Domingo XXII - A
Mateo 16, 21-27
La Palabra de Dios hoy nos habla de sufrimiento y de cruz a consecuencia de la fidelidad a la vocación, a la misión recibida. Tanto el profeta como la invitación y la propuesta de Jesús conllevan sufrimiento y cruz. Pero es necesario decir alto y claro que Jesús no ama ni busca arbitrariamente el sufrimiento, ni para él ni para los demás, como si éste fuera especialmente grato a Dios. Lo que agrada a Dios no es el sufrimiento, sino la actitud con que se asumen las cruces que nacen de la fidelidad a su Hijo amado, a quien merece la pena seguirle.
En el relato evangélico, Jesús anuncia a sus discípulos que su camino pasa por el sufrimiento y la muerte antes de llegar a la gloria y a la plenitud; esto es, anuncia el sentido de su mesianismo en la línea del Siervo sufriente, que lo entrega todo. Pedro reacciona contra esta propuesta de Jesús, pero Jesús proclama que quien quiera seguirle debe cargar con la cruz. La cruz no es término, sino CAMINO: el que pierda su vida, el que se vence a sí mismo, a sí misma, el que se olvida de sí mismo, de sí misma, encontrará la vida. Es su PROPUESTA.
El domingo pasado Pedro pasado era alabado por Jesús, por su respuesta atinada y certera; hoy resulta que escucha unas palabras durísimas de Jesús, nada menos que “quítate de mi vista, Satanás, que me haces tropezar; tú piensas como los hombres, no como Dios”. Está claro que a Pedro le queda mucho camino por recorrer hasta llegar a esa experiencia de Jesús, la experiencia que “marca” y que transforma. Sabemos que lo va a realizar, pero está en camino. No basta “con saber”; es necesario ser marcado. El camino del seguimiento a Jesús comporta la cruz. No hay verdadero discipulado si no se asume el mismo camino del Maestro. Para seguirlo hay que “negarse a sí mismo, tomar la propia cruz y seguirlo". Negarse a sí mismo quiere decir no centrar la vida sobre el propio egoísmo, sino en Dios y su proyecto (el Reino). Esto comporta la aceptación de las adversidades y el soportar las dificultades, pero el mismo Jesús nos ha dejado el ejemplo de cómo obrar en tales situaciones: basta imitarlo. Él no renunció al plan de Dios por miedo al dolor, sino que permaneció fiel hasta dar la vida. Y precisamente fue de esta manera como llegó a la plenitud de la vida en la resurrección.

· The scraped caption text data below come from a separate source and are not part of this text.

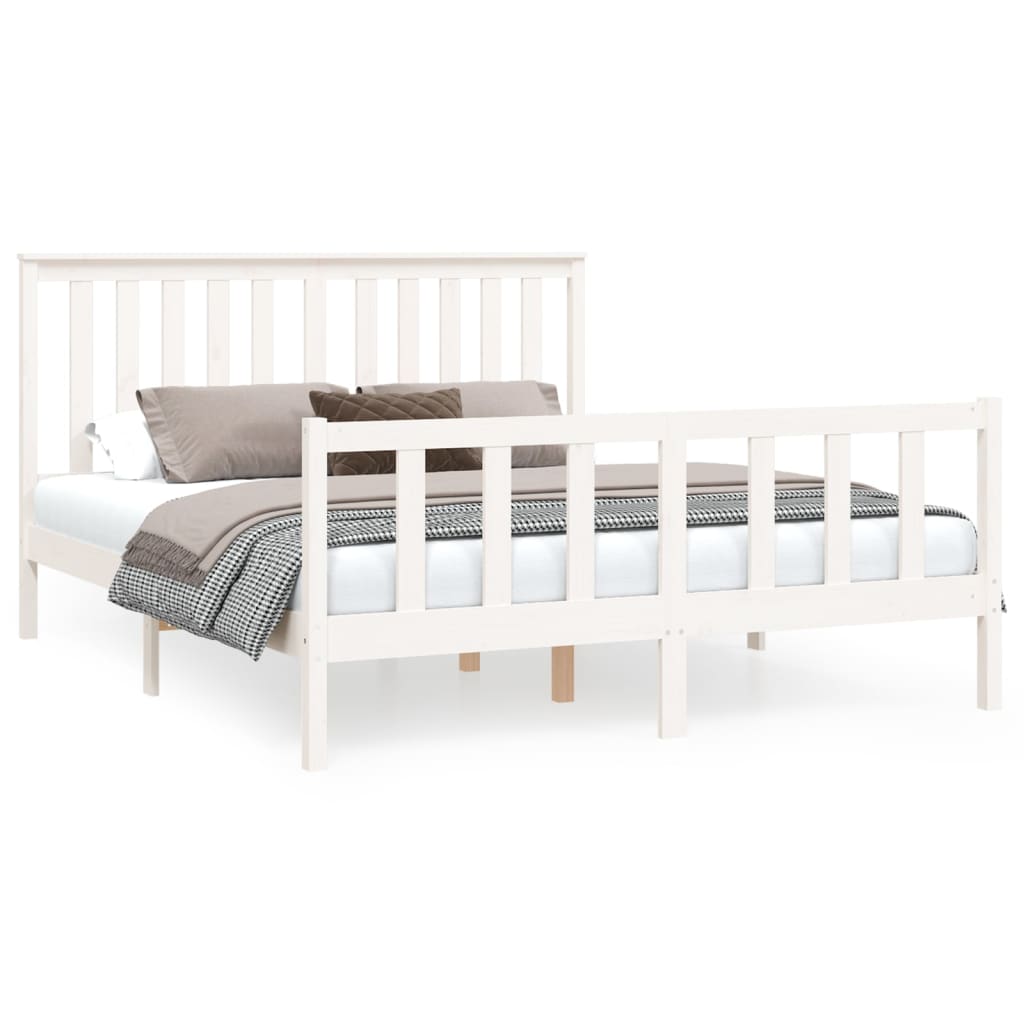 vidaXL Bed Frame with Headboard White 160x200 cm Solid Wood Pine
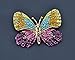 Reizteko Winged Butterfly Crystal Rhinestones Brooch Pin (Yellow Blue Purple)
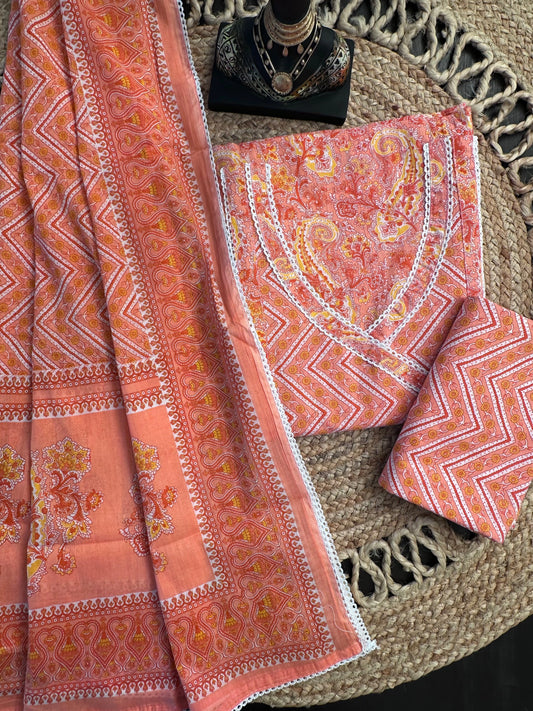 Peach Angrakha Printed Cotton 3-Piece Suit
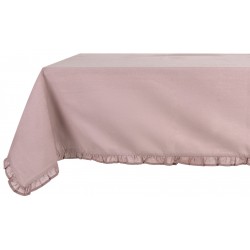 Nappe rose pale avec petits volants 150 x 240 cm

Nuestra gran tentación es imitar a Pedro: confesar solemnemente a Jesús como Hijo del Dios vivo y luego pretender seguirlo sin cargar con la cruz. Vivir el evangelio sin renuncia ni coste alguno. Esto no es posible. Seguir los pasos de Jesús siempre resulta peligroso. Jesús nos ofrece una vida nueva, llena de sentido y de paz interior, pero tiene un precio que hay que pagar inexorablemente. “Negarse a sí mismo” ; “cargar la cruz”; “perder la vida”, quemarla, en definitiva para que se convierta en luz y calor. Se trata de empeñar la vida entera, de entregarla a fondo perdido sin esperar recompensa, en pura gratuidad.